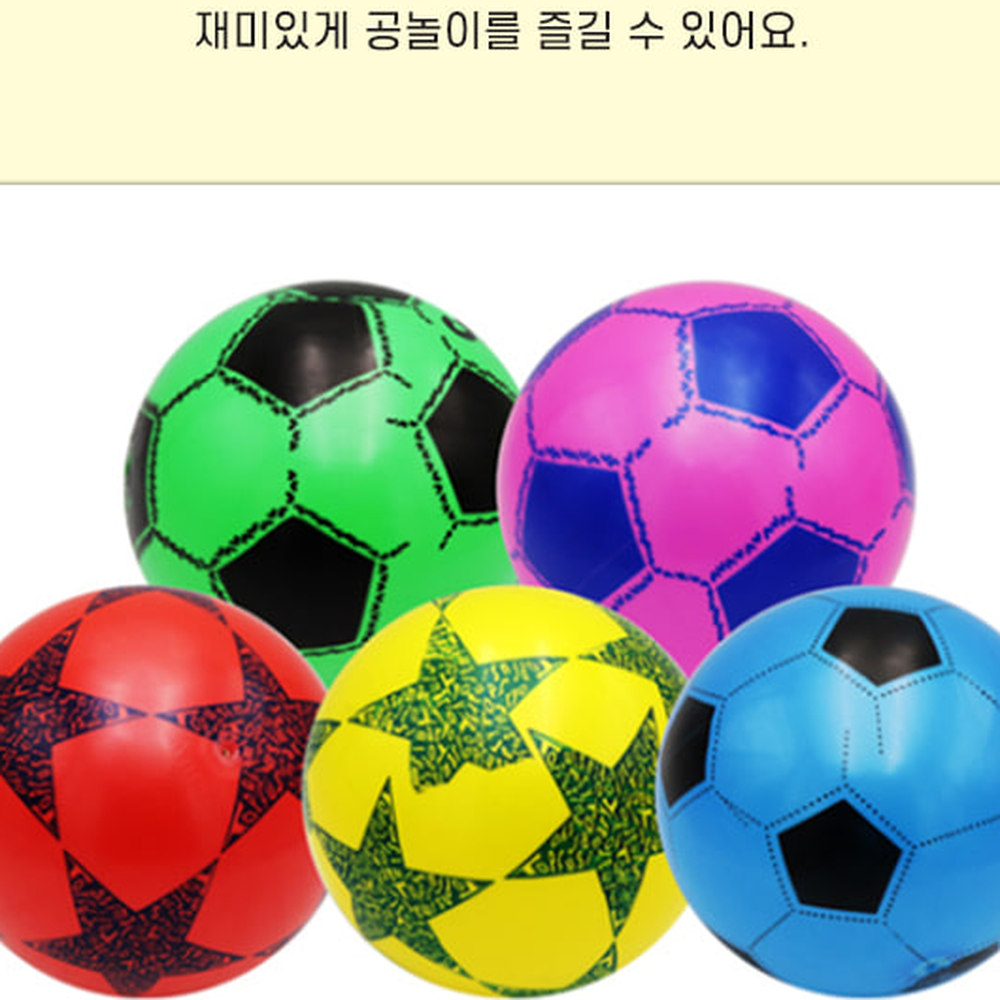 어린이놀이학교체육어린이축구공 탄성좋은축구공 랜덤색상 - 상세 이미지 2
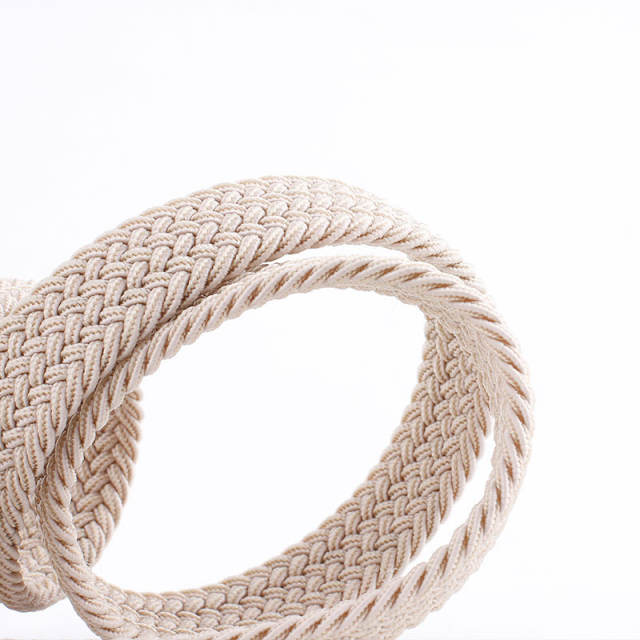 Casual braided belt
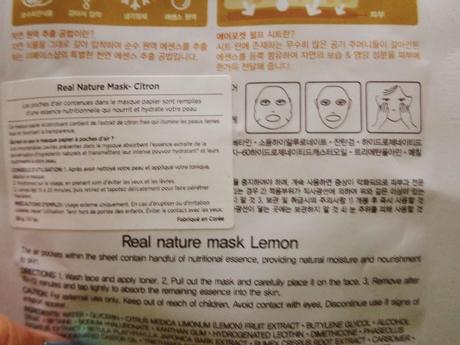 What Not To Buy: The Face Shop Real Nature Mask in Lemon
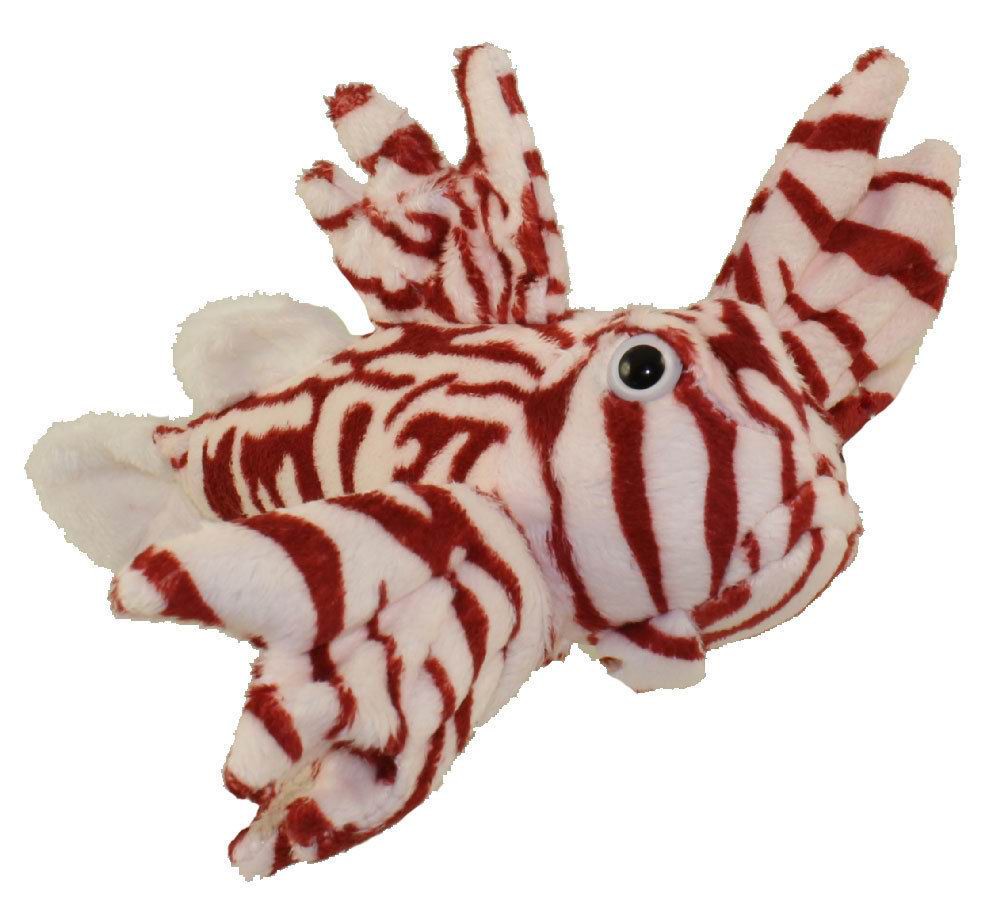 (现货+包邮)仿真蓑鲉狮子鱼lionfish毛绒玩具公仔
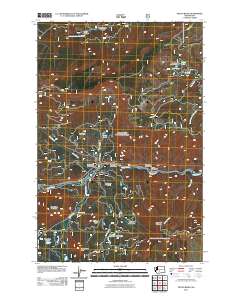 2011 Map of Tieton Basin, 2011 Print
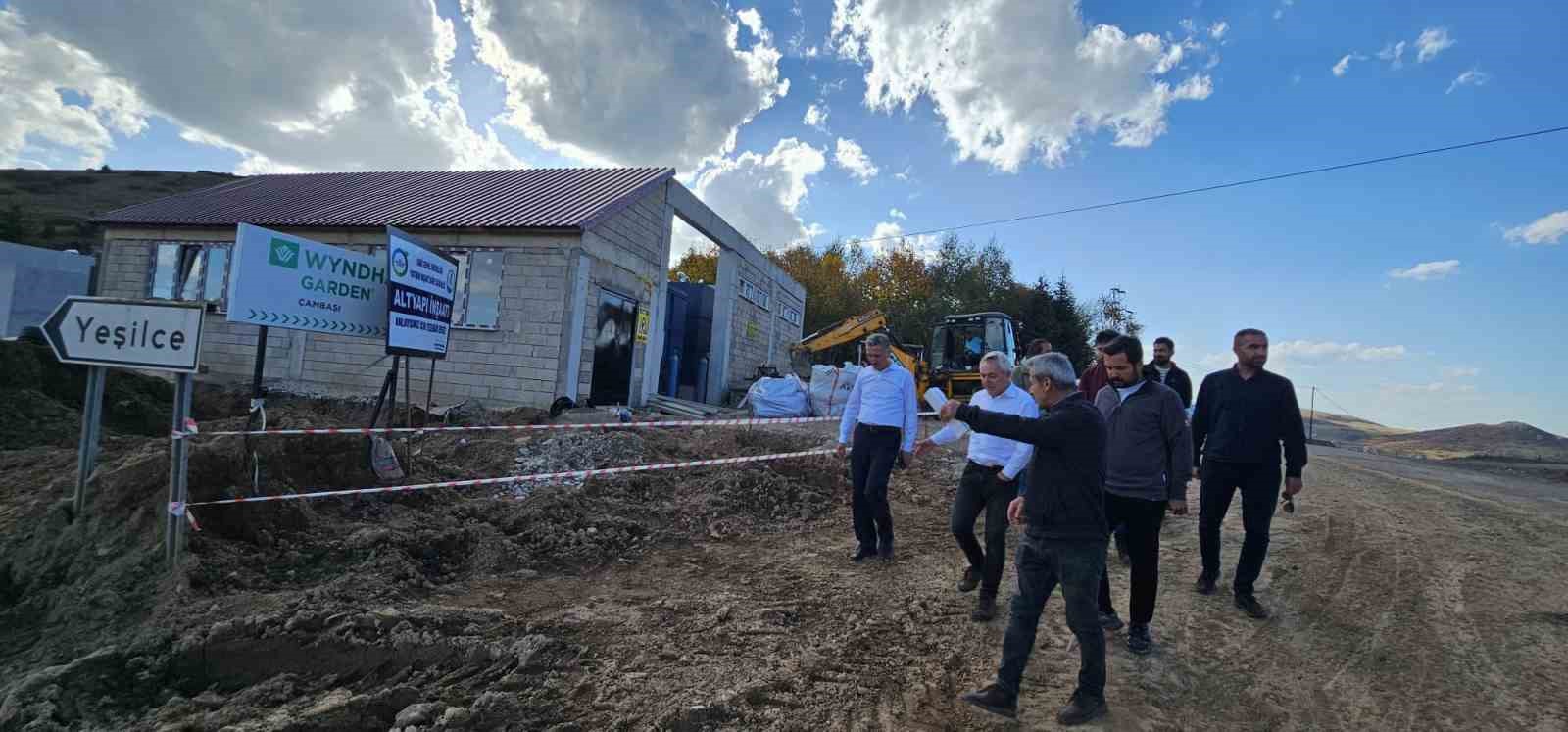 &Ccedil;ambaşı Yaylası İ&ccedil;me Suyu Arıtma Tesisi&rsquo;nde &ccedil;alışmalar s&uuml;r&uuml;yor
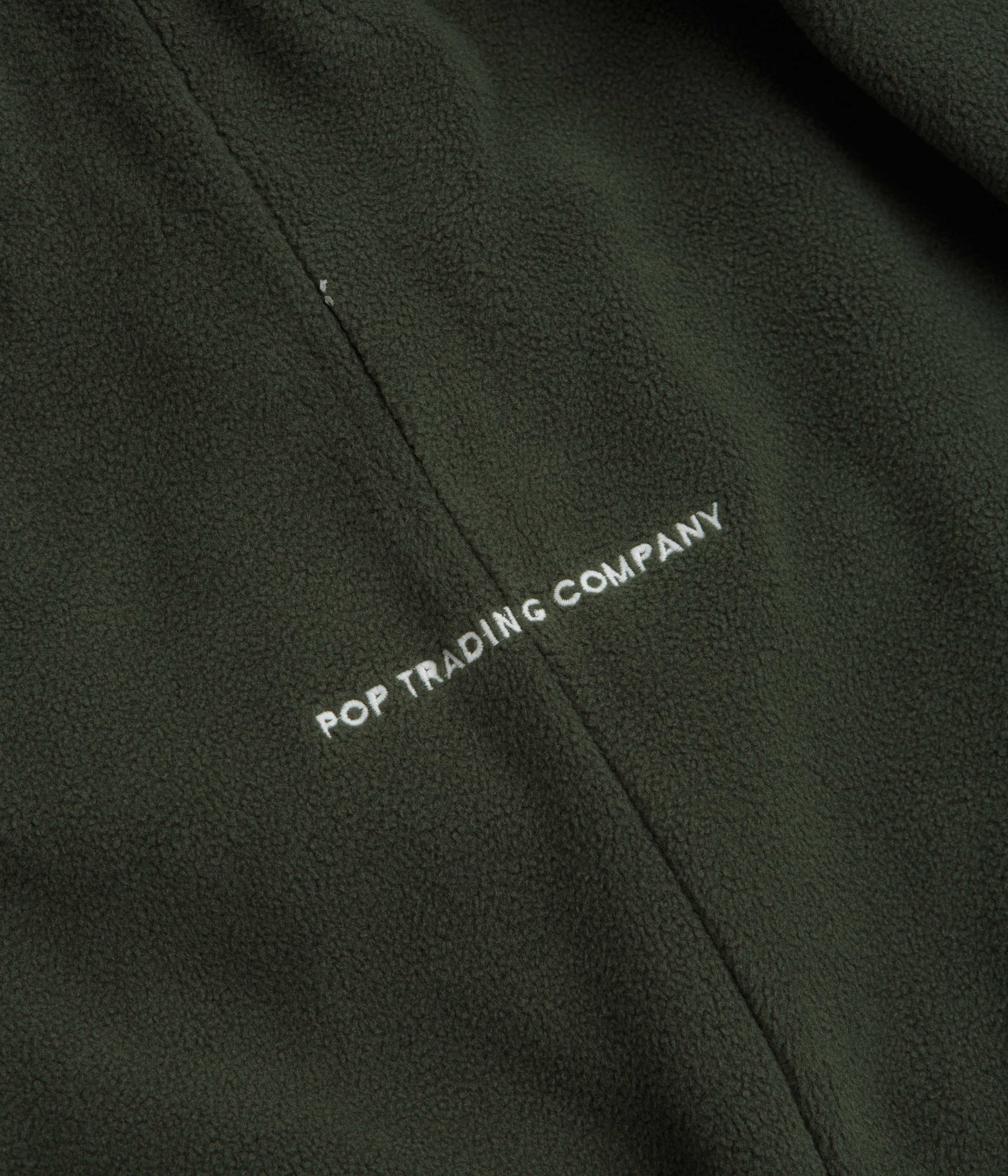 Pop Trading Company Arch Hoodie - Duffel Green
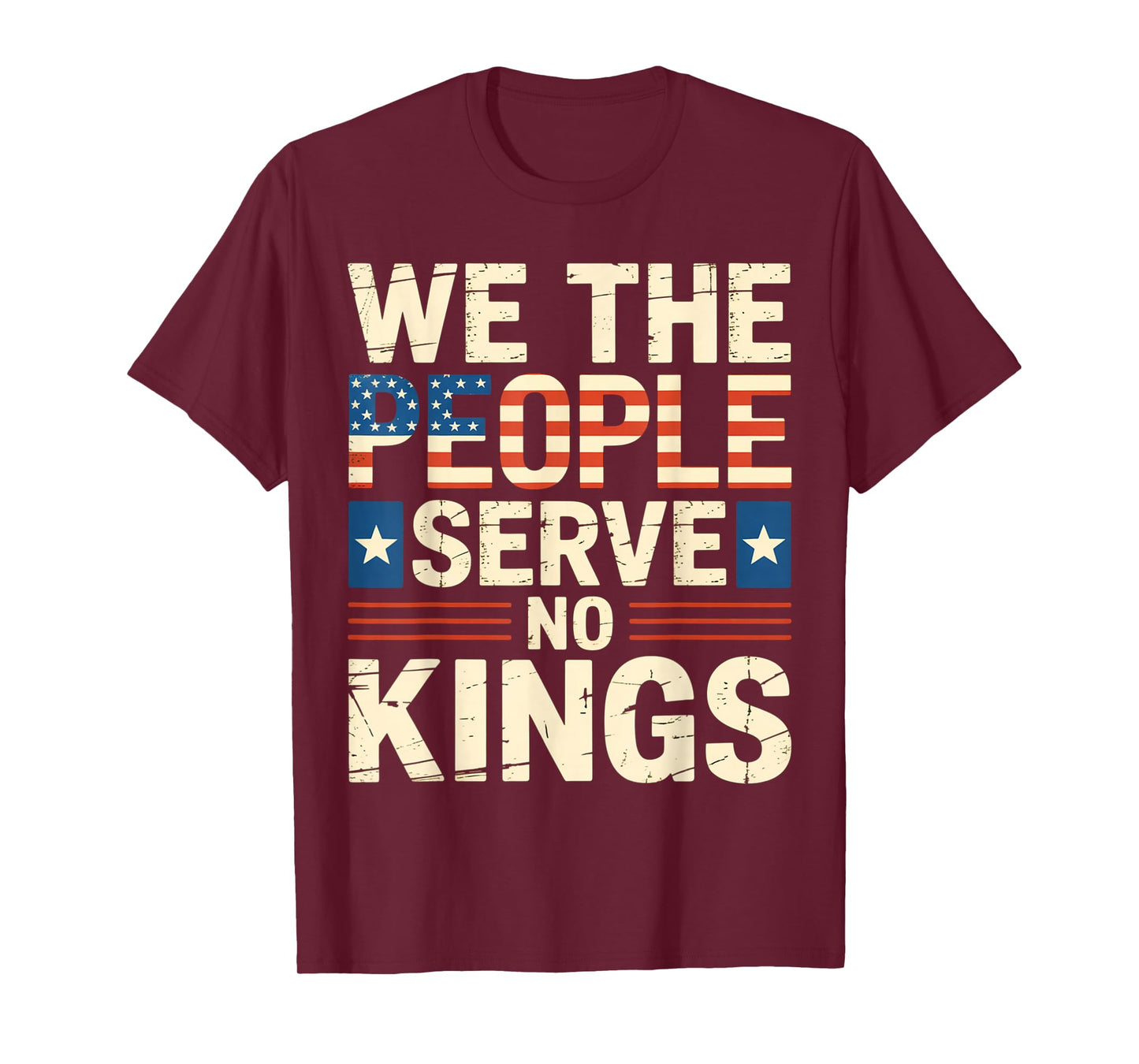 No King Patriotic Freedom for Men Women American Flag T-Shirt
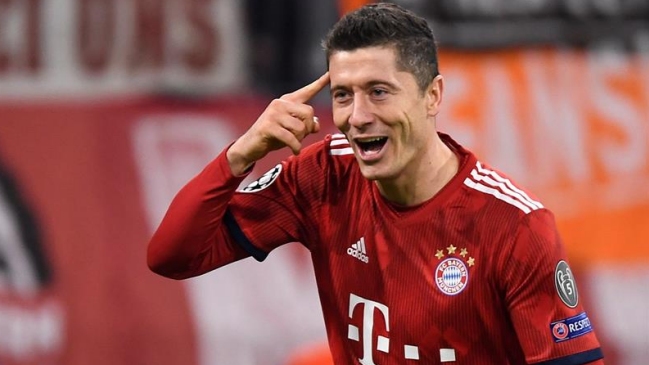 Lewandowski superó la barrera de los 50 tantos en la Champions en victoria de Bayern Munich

···

▶ _Task_
Going from the line that holds "Tesisi&rsquo;nde &ccedil;alışmalar s&uuml;r&uuml;yor" to the end of the listing above, copy each line exactly and nothing more, leaving pictures aside.

▶ _Result for this task_
 &Ccedil;ambaşı Yaylası İ&ccedil;me Suyu Arıtma Tesisi&rsquo;nde &ccedil;alışmalar s&uuml;r&uuml;yor
 Pop Trading Company Arch Hoodie - Duffel Green
 No King Patriotic Freedom for Men Women American Flag T-Shirt
 Lewandowski superó la barrera de los 50 tantos en la Champions en victoria de Bayern Munich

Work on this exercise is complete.